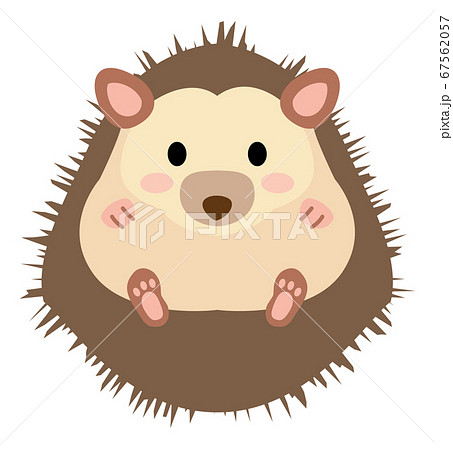 かわいい茶色のハリネズミのイラスト素材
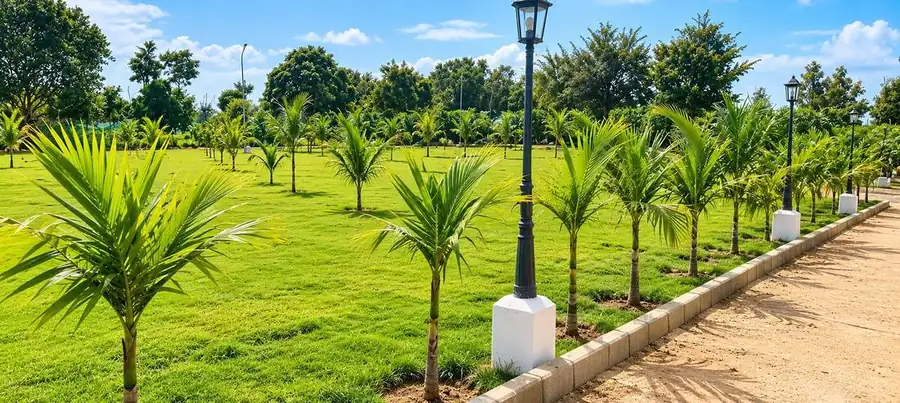 Lamp-lit pathway at Elite’s Land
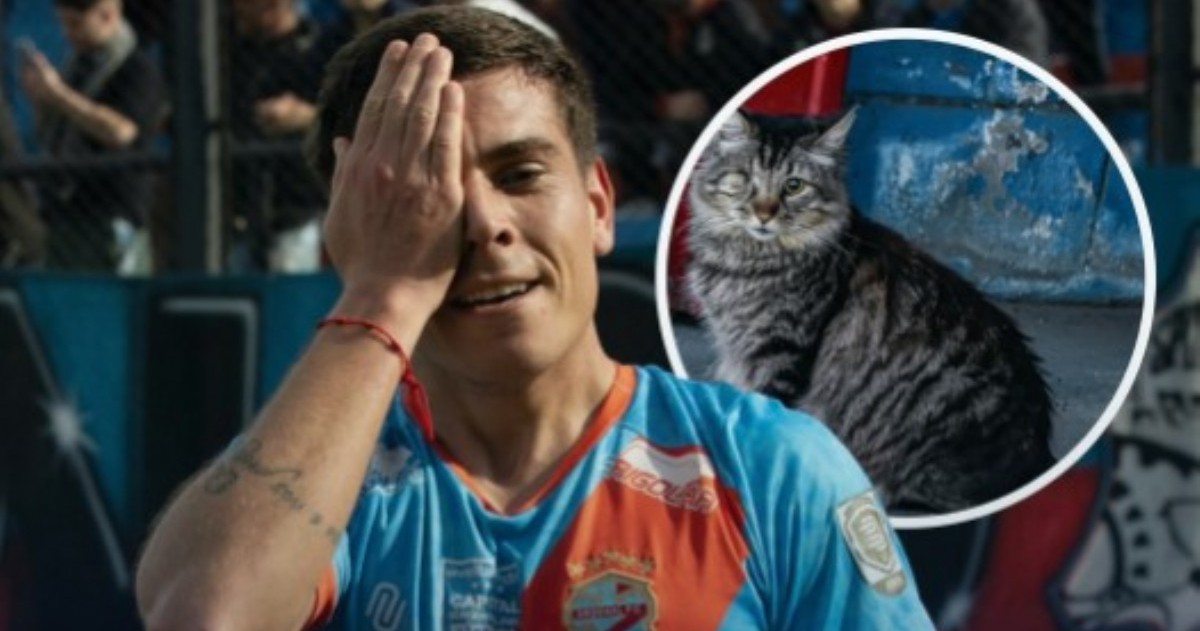 Ivó Kestler cumplió frente a todos la promesa que había hecho tras la muerte de “Tuertito”, el gato que acompañaba desde hacía años la vida cotidiana de Arsenal de Sarandí.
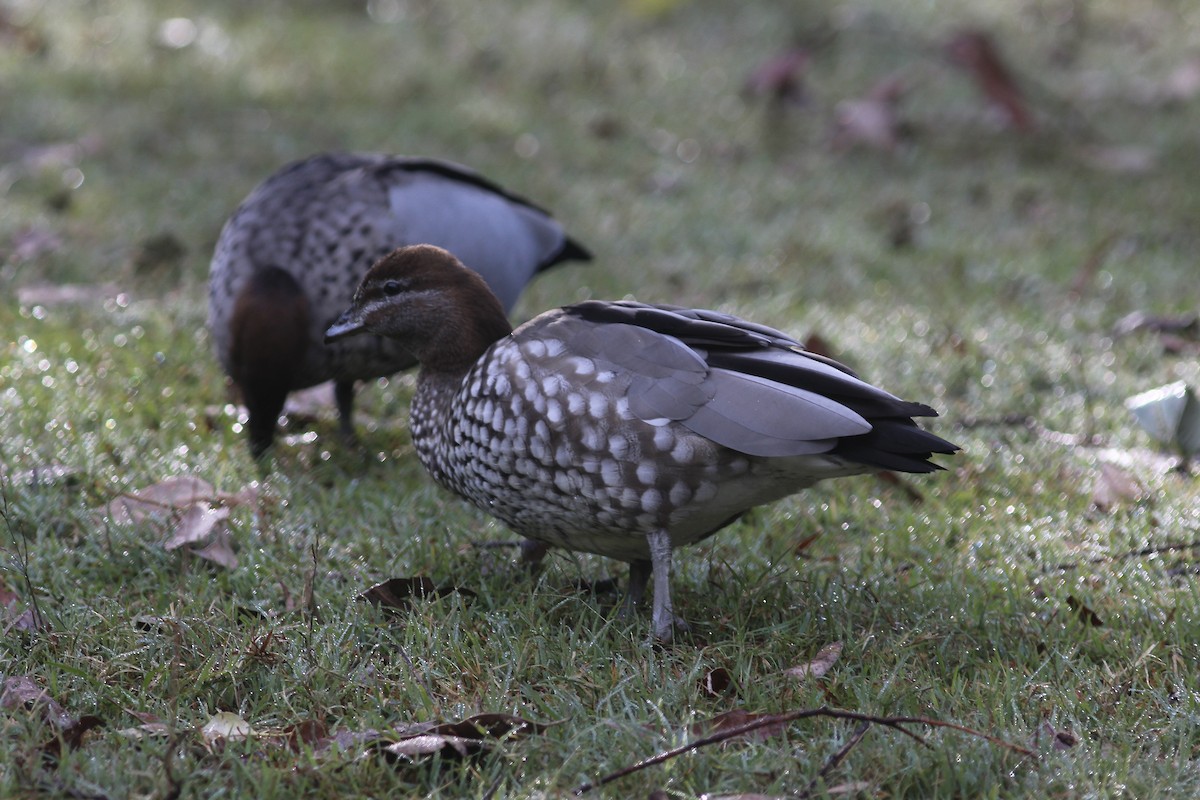 Maned Duck - ML580467951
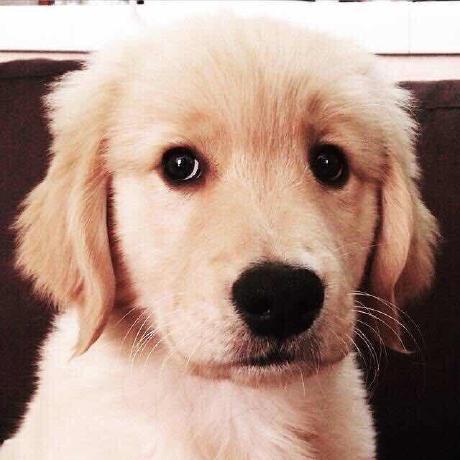 Co Marmot Github - Colorful Texture Collection - High Resolution Quality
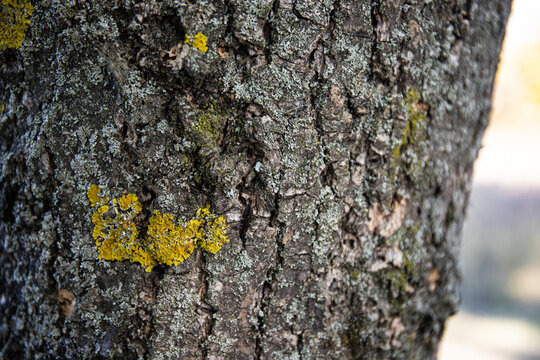 Textured tree bark with yellow lichen and moss as a natural background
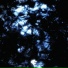 MXNERA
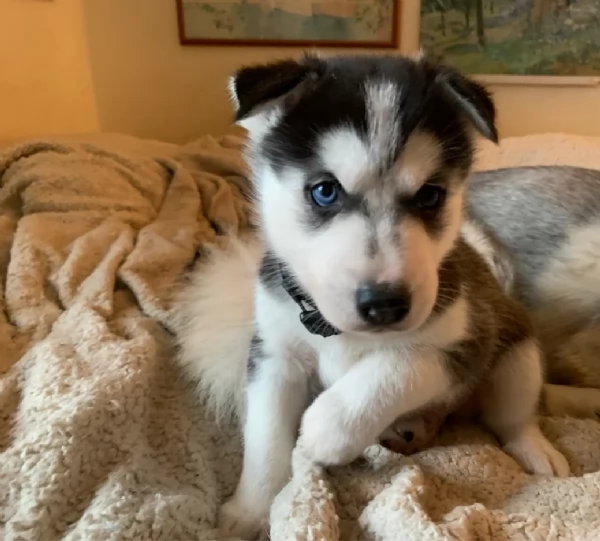  cuccioli di siberian husky per l'adozione | Foto 0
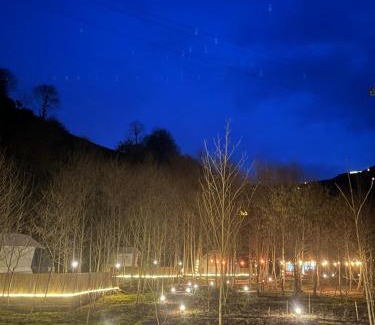 Ardesen Apartment | Explore Evaland Glamping Resort: Pet-Friendly Retreat Awaits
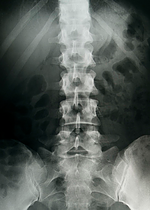 214ec6 38b91a0e774f20f32f31a7bf56838dc7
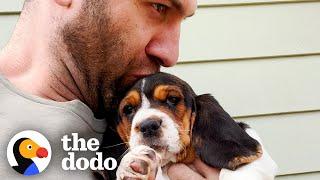 Tiny Basset Hound Puppy Gets Adopted And Meets Her New Pack | The Dodo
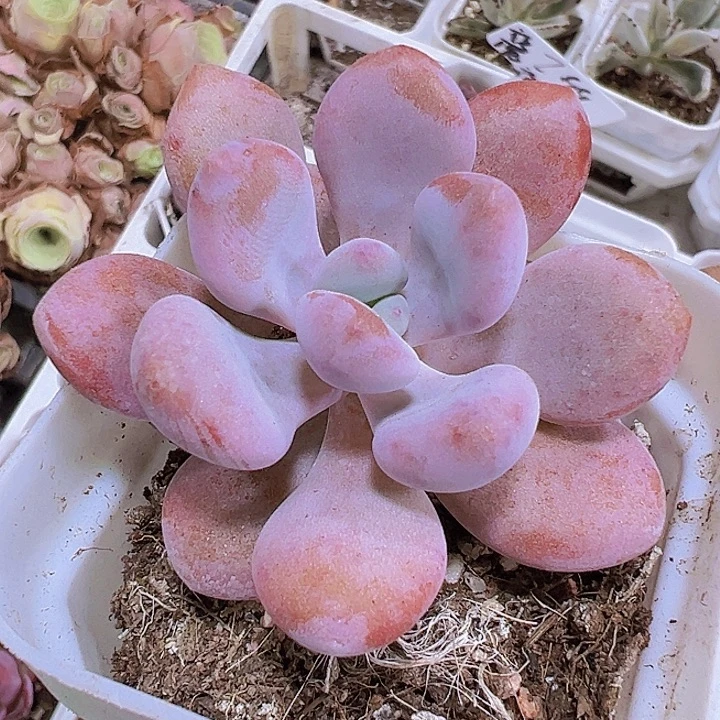 粉兔19包邮多肉植物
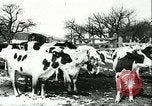 Image of foot and mouth disease United States USA, 1925, second 23 stock footage video 65675022113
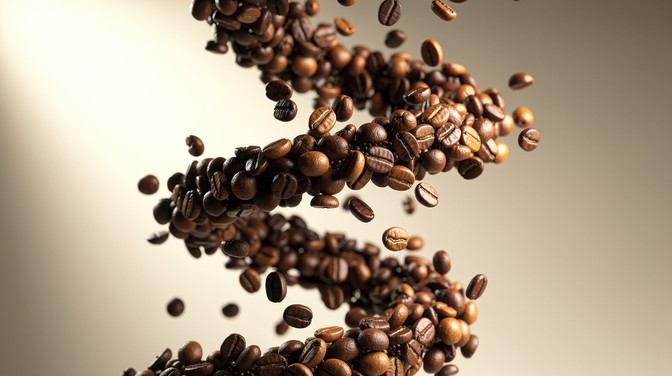 Free Coffee Beans Flow Image - Coffee, Beans, Brown | Download at StockCake
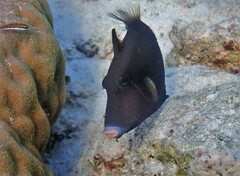 Sufflamen chrysopterum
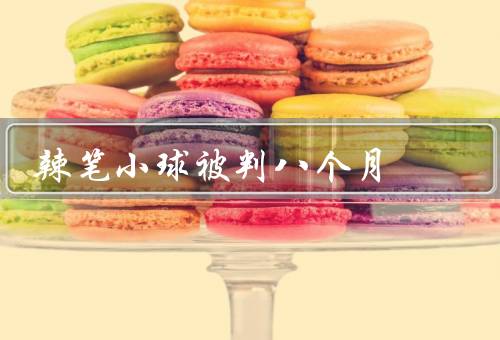 辣笔小球被判八个月
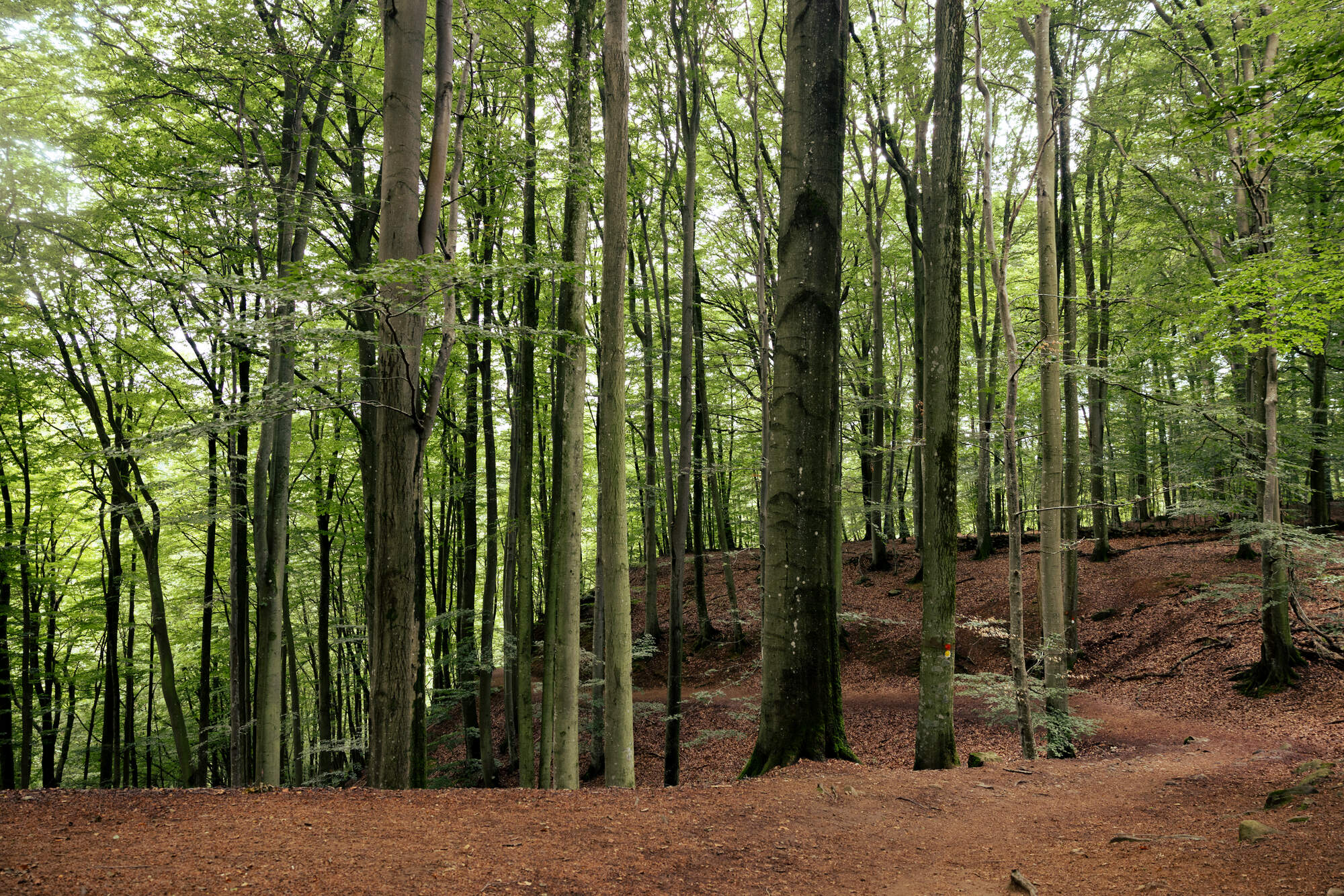 hiking-fantasy-forest-soederaasen-national-park-sweden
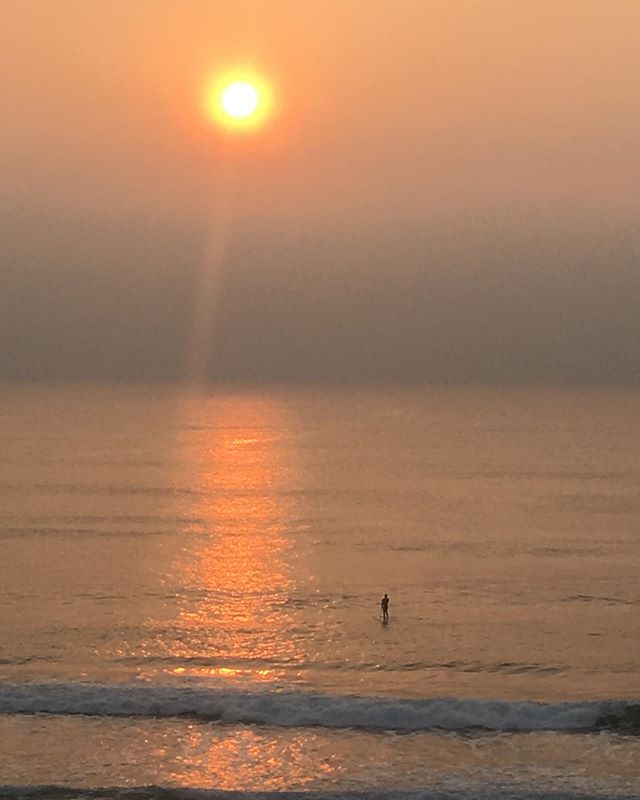 #therapy #lonely #surfer #sup #sunrise #smokey #cronulla #dawn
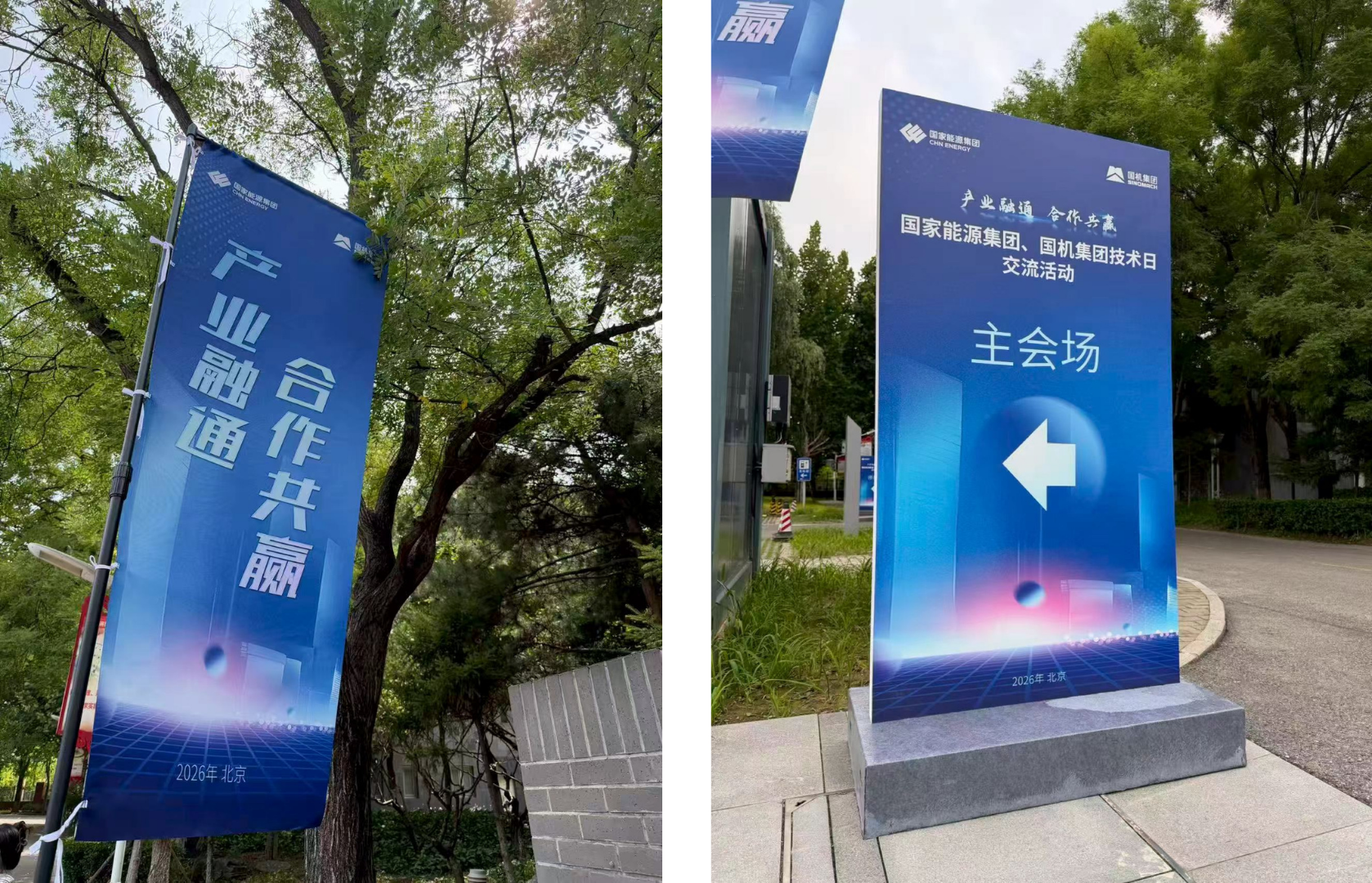 总协调 (3).png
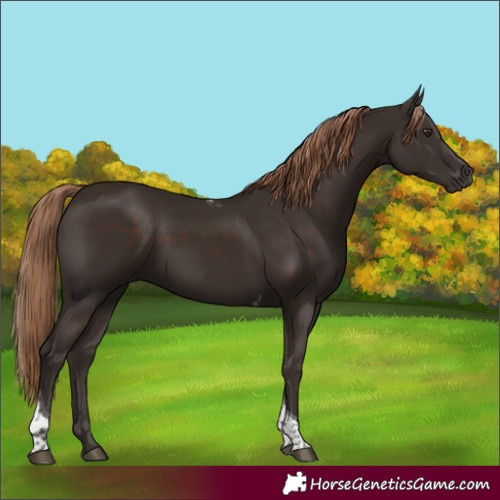 Horse Color:Liver Chestnut Tobiano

**Brief:**
Every line above should be copied exactly, apart from any pictures.

**Task result:**
 かわいい茶色のハリネズミのイラスト素材
 Lamp-lit pathway at Elite’s Land
 Ivó Kestler cumplió frente a todos la promesa que había hecho tras la muerte de “Tuertito”, el gato que acompañaba desde hacía años la vida cotidiana de Arsenal de Sarandí.
 Maned Duck - ML580467951
 Co Marmot Github - Colorful Texture Collection - High Resolution Quality
 Textured tree bark with yellow lichen and moss as a natural background
 MXNERA
  cuccioli di siberian husky per l'adozione | Foto 0
 Ardesen Apartment | Explore Evaland Glamping Resort: Pet-Friendly Retreat Awaits
 214ec6 38b91a0e774f20f32f31a7bf56838dc7
 Tiny Basset Hound Puppy Gets Adopted And Meets Her New Pack | The Dodo
 粉兔19包邮多肉植物
 Image of foot and mouth disease United States USA, 1925, second 23 stock footage video 65675022113
 Free Coffee Beans Flow Image - Coffee, Beans, Brown | Download at StockCake
 Sufflamen chrysopterum
 辣笔小球被判八个月
 hiking-fantasy-forest-soederaasen-national-park-sweden
 #therapy #lonely #surfer #sup #sunrise #smokey #cronulla #dawn
 总协调 (3).png
 Horse Color:Liver Chestnut Tobiano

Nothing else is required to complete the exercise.